In the show, The Eye Is Not Satisfied With Seeing, Packer seduces first and challenges later. Like Vuillard, Matisse and Bonnard, she lingers on the rapture of paint and its luminous possibilities. Also like them, she tempers that sensuality with pain that flits just beneath the surface. Packer’s work is decorative and deep.
“Blessed Are Those Who Mourn (Breonna! Breonna!)” (2020) greets visitors at the entrance to the exhibition. Unframed and pinned to the wall like a poster in a college dorm, the monumental canvas opens into a yellow room, awash with light and packed with the specifically banal items that make this an Everyhousehold: a plant, a fan, a smoke alarm, an iron, children’s drawings, a set of knives affixed to a magnet. The furniture is equally familiar, from the wood-grained kitchen cabinet to the tiled backsplash.
We might mistake this for a luminous and inviting domestic tableau at magic hour, when the low sun slides in through the windows. In a Bonnard idyll, the artist’s wife would be stretched out in the bath, haloed in violet and blue. Here, Packer gives us a bare-chested black man, stretched out on the sofa, his nose extended towards the ceiling, a figure in repose or sorrow — it’s impossible to tell which.
This is not just any apartment; it’s the home of Breonna Taylor, the 26-year-old black woman whom police shot to death when they raided the place in 2020. In the companion audio guide, Packer recounts the impact of the crime scene photographs, the way those ordinary furnishings gave her a sense of kinship with the victim. “I saw things that I recognised, things that I would have seen in my own apartment. I could almost conflate a time in my life materially to what I was seeing in hers. I felt this sense of connection.”
She doesn’t usually rely on photos. For her, coming face to face with a subject causes an alchemical reaction, a current that passes between artist and model, then jumps on to the canvas. For an early portrait, “Jordan” (2014), her fellow student at Yale — and now celebrated artist — Jordan Casteel posed in her studio for two days. Sprawled on the sofa, she merges almost imperceptibly with the room, person and possessions fusing in an apotheosis of amber and rose. “I mimic the surroundings, in the way that I felt that I was becoming quite enmeshed with that space at that time,” Casteel recalls in the audio guide.

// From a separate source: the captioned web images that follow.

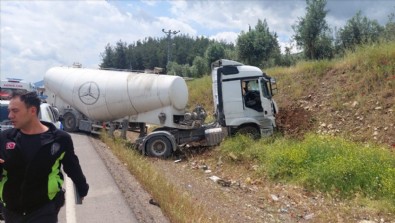 Gaziantep'te katliam gibi kaza! Beton mikseri minibüse çarptı: 8 ölü!
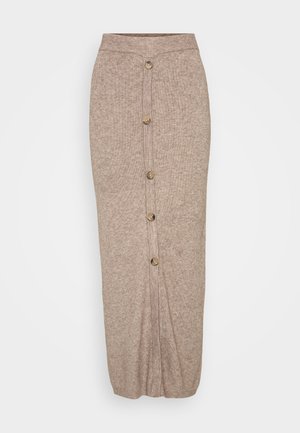 Strick-Midirock in Beige mit gerippter Textur, ausgestattet mit einem Knopfverschluss vorne und einer geraden Silhouette, die bis zu den Knöcheln reicht.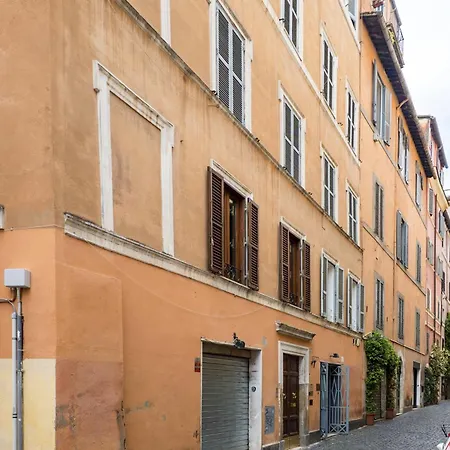 The Rent - Peaceful Oasis With Garden Near The Colosseum Apartament
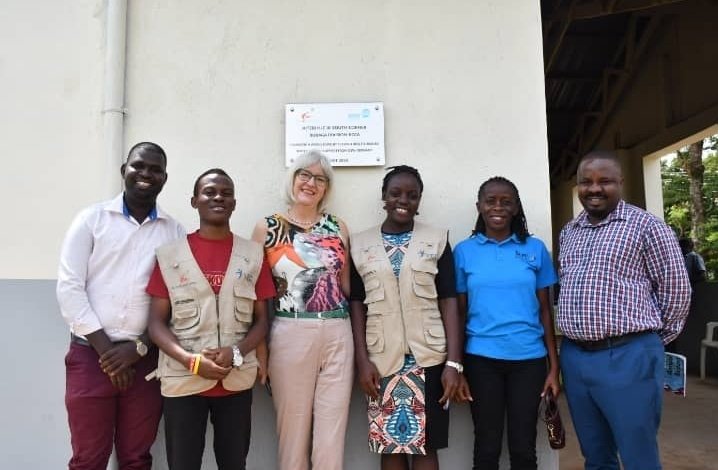 RonnieReagan24's tweet photo. It is has been such a great time interacting with Angella Bahr the Programs &amp; Projects Director @dsw_intl. One of the key pick outs from this interaction is having more teenage mothers keep around the @KampalaYec system &amp; the youth empowerment clubs to have their lives improved. https://t.co/AiHyR4BChC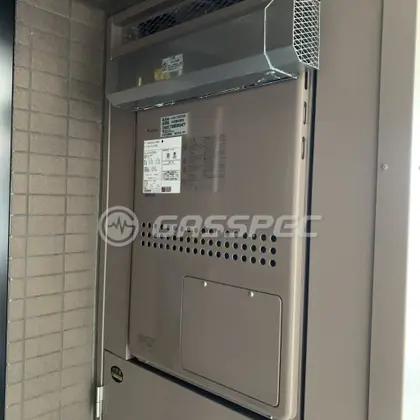 施工前の暖房熱源機（GTH-2413AWXH）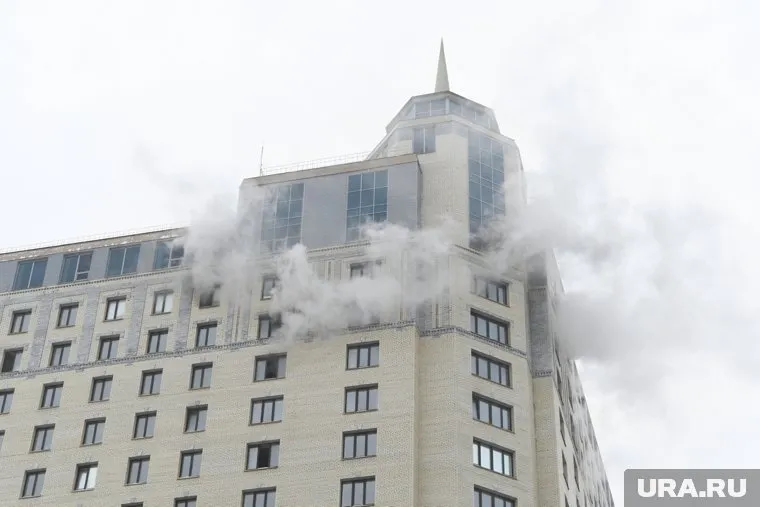 Спасатели продолжают проверять здание и эвакуировать находящихся внутри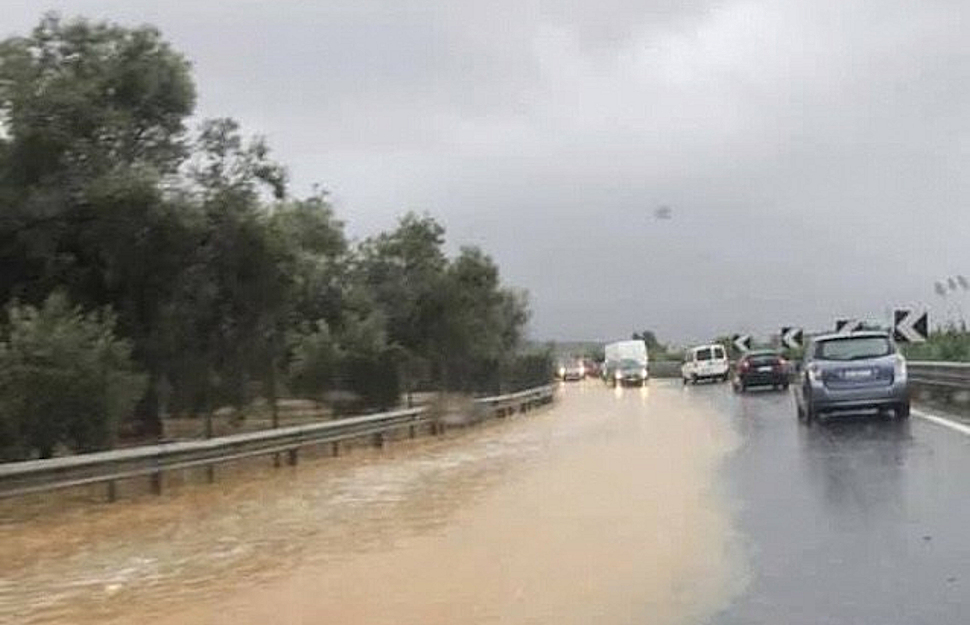 Il maltempo si abbatte sulla Calabria. Statale 106 Jonica chiusa ad Amendolara per una galleria allagata 51 Statale 106 allagata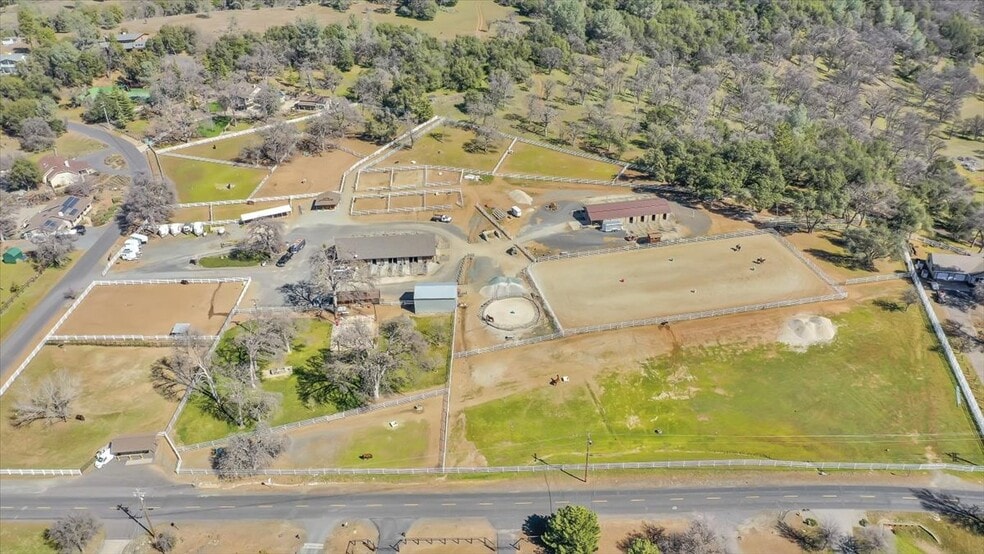 More Photos Of 18736 Main St, Groveland Hotel For Sale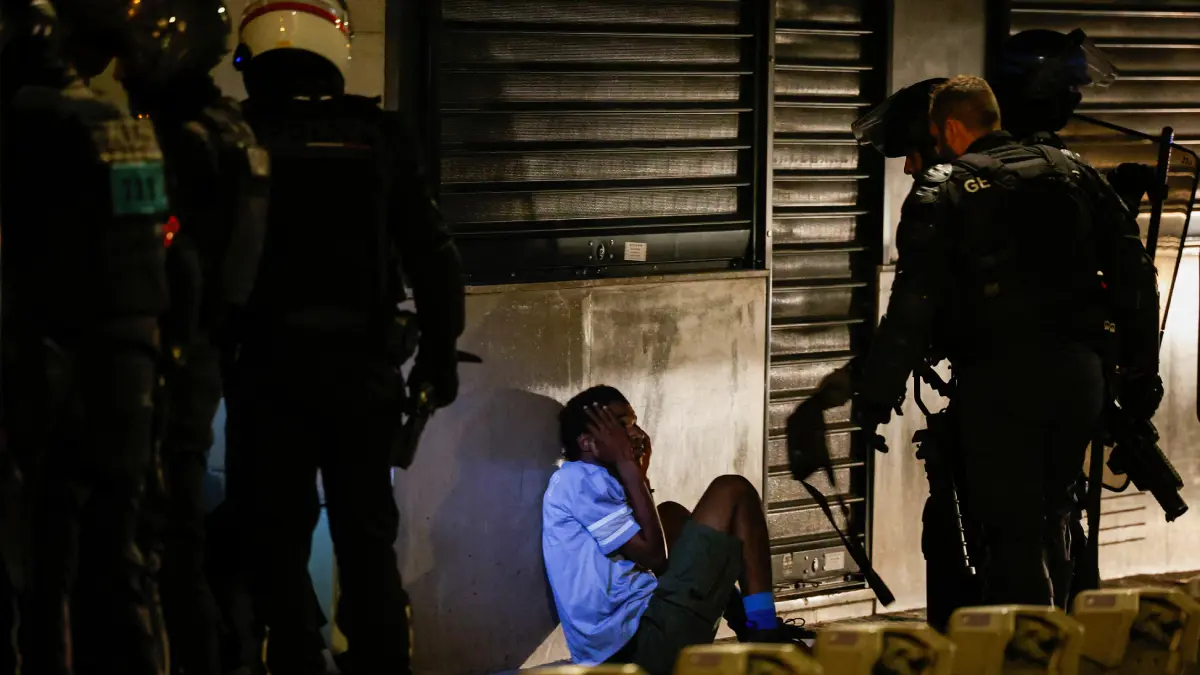  شهادات غاضبة من جنازة نائل المرزوقي ضد الشرطة الفرنسية
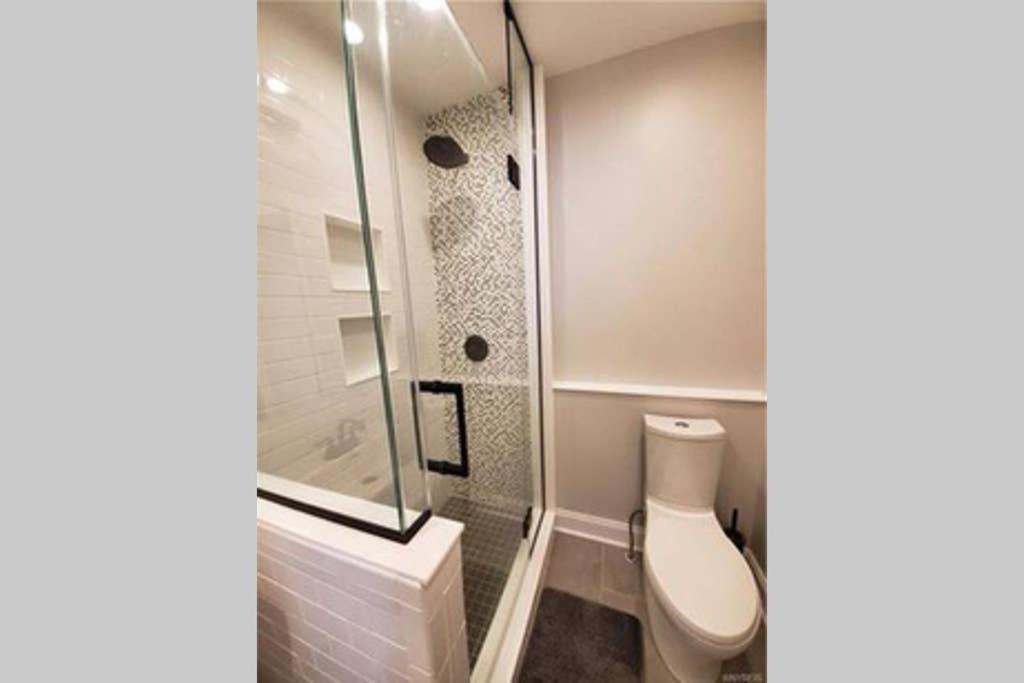 Two-Bedroom House - Photo 13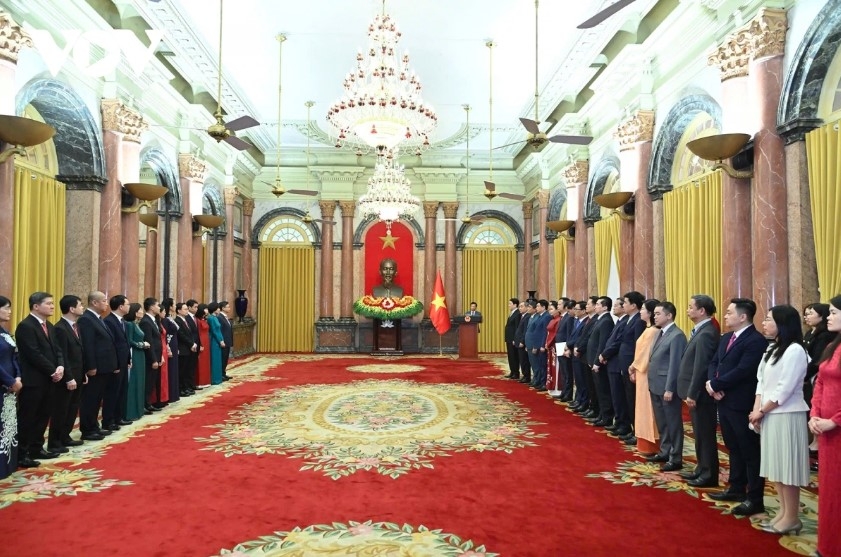 President presents appointment decisions to Vietnamese ambassadors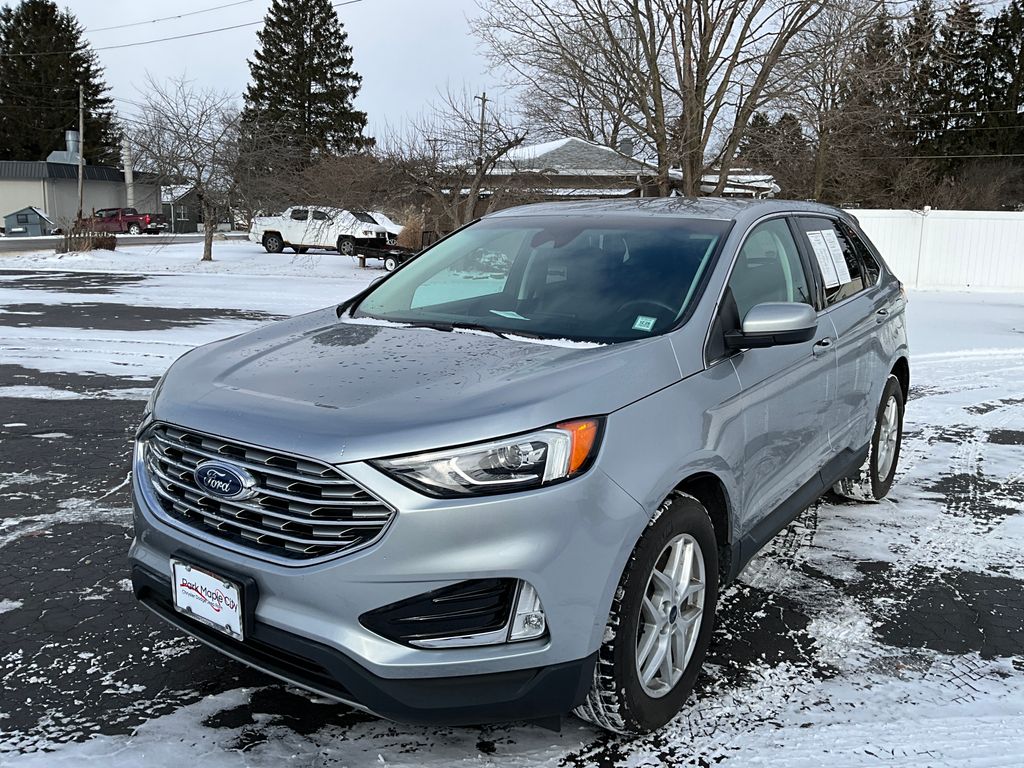 2022 Ford Edge SEL's photo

That kind of chameleon act is necessarily a collaboration between observer and observed. Packer has talked up the importance of camouflage, the way she lays out objects and people for inspection and conceals them at the same time. She sets up the stage, introduces the players, and proceeds to elide the distinctions between them.
In the dreamlike “Lesson in Longing” (2019), a study in fuchsia, scarlet, and magenta, she weaves a man and a woman into the flickering atmosphere, obscuring their faces but meticulously dwelling on domestic details. Greenery sprouts from a couple of pots, and a hanging plant flings its tendrils into a shower of colour. A purple cat curls up on a cabinet, and you can just make out the head and tail of another. Paint drips in rivulets, reminding us — as if it were possible to forget — that we’re looking at an invention, a world wrought by artifice and imagination.
Her work rises highest where vividness meets ambiguity. In the drawing “The Mind Is Its Own Place” (2020), two male figures wrestle, trying to free themselves — from each other, from two dimensions and from the confining frame. The image fuses mannerist graphic technique with the coiled violence of Goya, raising the question of whether we are supposed to see one man or two. The title, from Milton’s Paradise Lost, suggests a portrait of an internal conflict, two aspects of the same soul locked in permanent struggle. “The mind is its own place, and in itself/can make a heav’n of hell, a hell of heav’n,” Milton writes. Or perhaps, in invoking Goya’s “Sleep of Reason”, the drawing suggests a brain haunted by its own dreams.
It must be hard to be a contemporary black painter who is moved to answer ugly acts of violence but is also attracted to flowers. She has returned, wistfully and often, to the bouquets of Henri Fantin-Latour, a subject she long considered unjustifiably trivial. That lust for their luscious beauty embarrassed her — until, haunted by the 2015 death of Sandra Bland in police custody, she started painting funerary bouquets. Her 2017 “Say Her Name” is an elliptical kind of tribute, a finely wrought portrait of flowers that have played their part in honouring memory and are themselves on the way back to dust.
Still life, also known as nature morte, emphasises the relationships of nature’s death to human death and to the half-life of illusionistic art. An anonymous 18th-century Italian painted a pink rose nestled beside a polished skull and, in a subtitle, gave the canvas a voice of its own: “We are both unreal, I am also death.” It’s a motto that helps tease apart the bright, lively surfaces of Packer’s paintings with their undercurrents of twilight and grief.